First, thank you so much for your ministry. I will go back to August 2014. We had a positive pregnancy test! My husband and I couldn't have been more excited about having a baby, along with all our family and friends. I have dreamed of having a baby since I was a young girl, it was finally my turn. I have always dreamed of being a mommy. Everything went normal throughout the first trimester. Then at 15 weeks at 2 in the morning, I went into labor. My water broke at home and at that point, we knew what the outcome would be. We went straight to the hospital, where I delivered our sweet Caroline Marie. We were devastated. I was in such a state of shock that I didn't even think to ask to see our baby girl. It wasn't until I got back home that I was so angry at myself, and upset that no one asked me to see her. In January, I received a survey of our hospital experience. I sat at the table and relived our experience, mainly asking the hospital to consider making it a new standard practice to ask the mom if she wants to see the baby. I received a call last week. The hospital is making it a new policy with nurses, that they ask the moms if they want to see their baby. I would give anything to go back and see our sweet baby girl's face. I have the hope of seeing her in heaven one day!

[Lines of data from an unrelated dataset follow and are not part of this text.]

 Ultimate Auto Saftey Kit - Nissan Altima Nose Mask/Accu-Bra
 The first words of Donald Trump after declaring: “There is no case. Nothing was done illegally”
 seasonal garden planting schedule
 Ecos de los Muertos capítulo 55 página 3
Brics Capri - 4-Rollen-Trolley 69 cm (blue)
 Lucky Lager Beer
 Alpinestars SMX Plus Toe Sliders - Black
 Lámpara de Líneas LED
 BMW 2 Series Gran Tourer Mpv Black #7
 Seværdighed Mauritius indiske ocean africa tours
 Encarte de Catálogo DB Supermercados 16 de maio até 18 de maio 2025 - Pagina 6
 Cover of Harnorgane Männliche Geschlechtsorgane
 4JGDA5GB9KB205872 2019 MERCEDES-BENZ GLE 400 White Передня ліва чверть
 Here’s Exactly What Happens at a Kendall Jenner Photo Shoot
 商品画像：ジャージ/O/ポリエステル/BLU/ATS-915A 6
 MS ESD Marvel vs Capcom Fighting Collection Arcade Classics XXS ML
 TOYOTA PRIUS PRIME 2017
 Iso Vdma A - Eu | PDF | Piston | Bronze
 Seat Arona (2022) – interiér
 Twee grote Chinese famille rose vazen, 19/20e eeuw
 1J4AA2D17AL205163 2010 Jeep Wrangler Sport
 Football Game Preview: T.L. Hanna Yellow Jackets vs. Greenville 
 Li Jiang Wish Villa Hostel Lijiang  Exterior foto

So as I was sitting at our dining room table, I had just finished writing this letter when my husband went outside and found a box on the porch. He asked me if I was expecting anything and I said, "no". I took the box into the kitchen to open it. It was Caroline's "Hannah's Hope" box. I barely opened the box and I saw her name, and all I could do was cry, to see her name in print. We went through each thing in the box and cried. The timing couldn’t have been more perfect, God knew! It will forever be treasured. We were able to add other special things to the box like ultrasound pictures, cards, dried flowers, and other special things that remind us of her. She lived inside me and though we would give anything to have her here on earth with us, we have the HOPE of seeing her in heaven one day. Thank you for your ministry, and just know, that you have touched people’s lives, and these boxes will continue to heal the brokenhearted!
I received a box a few weeks back from your organization. My husband and I already had two beautiful daughters when found out about our "surprise blessing" at the beginning of June. It took a few days to get over the shock, but we were excited about having a third child. I was feeling terrible, yet so happy. Mid-June, it appeared I began to miscarry. Devastated, I met with the doctor the next day hoping for a miracle, only to find out my hcg levels weren't lowering (or rising) at a normal rate. After several blood tests, it was determined that my nightmare was far from over. My pregnancy was ectopic and near the point of bursting. I had an emergency surgery over night on a Friday and was ordered to stay in bed rest for five days. That is five days alone with my emotions. That Saturday morning, we found the box on our porch. I couldn't look at it without crying for the first day or two. Then, I opened it and began to weep as I held the ornament and bear meant for a child I will always ache to hold. The note was also very kind and touching. Then came the book. It took me a few more days to work up the courage to begin the devotions. I did two devotions a day at first to help sort through my mixed bag of emotions, but have eased back to one a day now. I began to see my grief in a whole new light as I read about miscarriage and infant loss from a biblical perspective. I began to see it as less of an embarrassing secret and more of a part of my life...my story. I began to see that it is important to work through and talk about a loss to properly grieve. At this point, we are not sure we will have any more children. I am still praying for direction when it comes to that... What I do know is your organization gave me a gift that no one else was able to. The gift of understanding my loss and a path to healing. Please know how much I appreciate this. It will be a long road, but I am grateful the Lord laid this ministry on your heart for grieving mothers like myself. God Bless.